Our political editor Pippa Crerar has tweeted:

TalkTV’s Tom Newton Dunn has heard that the former foreign secretary Jeremy Hunt could be the new chancellor.

Updated

Government bonds, stocks surge, pound slips

UK government bonds continue their rally, amid expectations that key parts of the mini-budget will be scrapped, and reports that Kwasi Kwarteng will be sacked as chancellor.

It is also the last day of the Bank of England’s emergency bond-buying programme.

The rally has pushed bond yields dramatically lower, reducing the cost of government borrowing. The two-year yield has fallen 17 basis points to 3.67%, the lowest since the day of the mini-budget, and the 10-year bond is yielding 3.96%, down 23 bps.

The 30-year yield has tumbled 31 bps to 4.28% while the 20-year yield has dropped 26 bps to 4.37%. Both surged above 5.1% on Wednesday.

European stock markets have all risen more than 1%, with the FTSE 100 in London is 1.15% higher at 6,928, a gain of 78 points.

The pound has retreated 0.5% to $1.1269.

Updated

Kwarteng 'being sacked as chancellor' – report

Will he stay or will he go? Kwasi Kwarteng is being sacked as chancellor, according to Steven Swinford, political editor at the Times.

Updated

Kwasi Kwarteng has arrived back in the UK after an overnight flight from Washington. His plane touched down at Heathrow about half an hour ago.

Ben Riley-Smith, political editor at the Daily Telegraph, is tweeting that the UK government will make a dramatic U-turn on its plan to scrap the rise in corporation tax to 25% next April from 19% – but will keep the national insurance cut and 1p income tax basic rate cut.

Updated

The press conference will happen at 2pm BST, Reuters reports.

The chancellor, Kwasi Kwarteng, will not be standing next to the prime minister, Liz Truss, when she gives her press conference this afternoon, Sky News is reporting.

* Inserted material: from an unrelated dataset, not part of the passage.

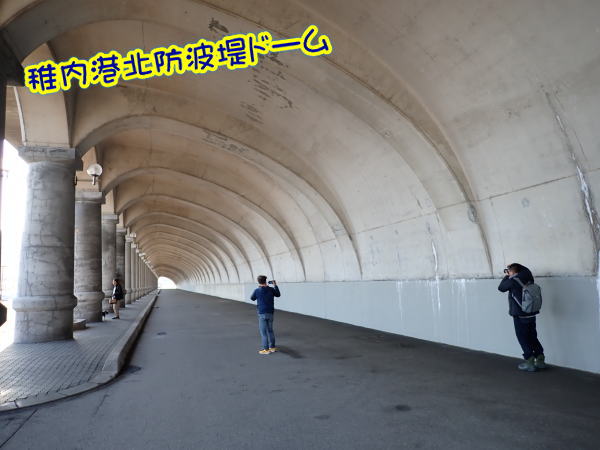 稚内ダイビング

Sources have said “it looks as if the deal has been done”.

Updated

Liz Truss to hold surprise press conference today

Downing Street has just announced that Liz Truss will hold a press conference later today. More on our politics live blog with Léonie Chao-Fong.

Updated

Eurozone runs up record trade deficit – like UK

The eurozone has run up a record trade deficit because high energy prices boosted its import bill.

The eurozone’s balance for trade in goods with the rest of the world was in the red by nearly €51bn in August, according to the EU’s statistics office Eurostat. It is the highest deficit recorded since Lithuania joined the bloc in January 2015 to become its 19th member.

The trade gap ballooned from €34bn in July and marked the tenth month of deficits for the eurozone which has recorded large surpluses in the past. The swing into the red has largely been caused by its soaring bill for energy imports.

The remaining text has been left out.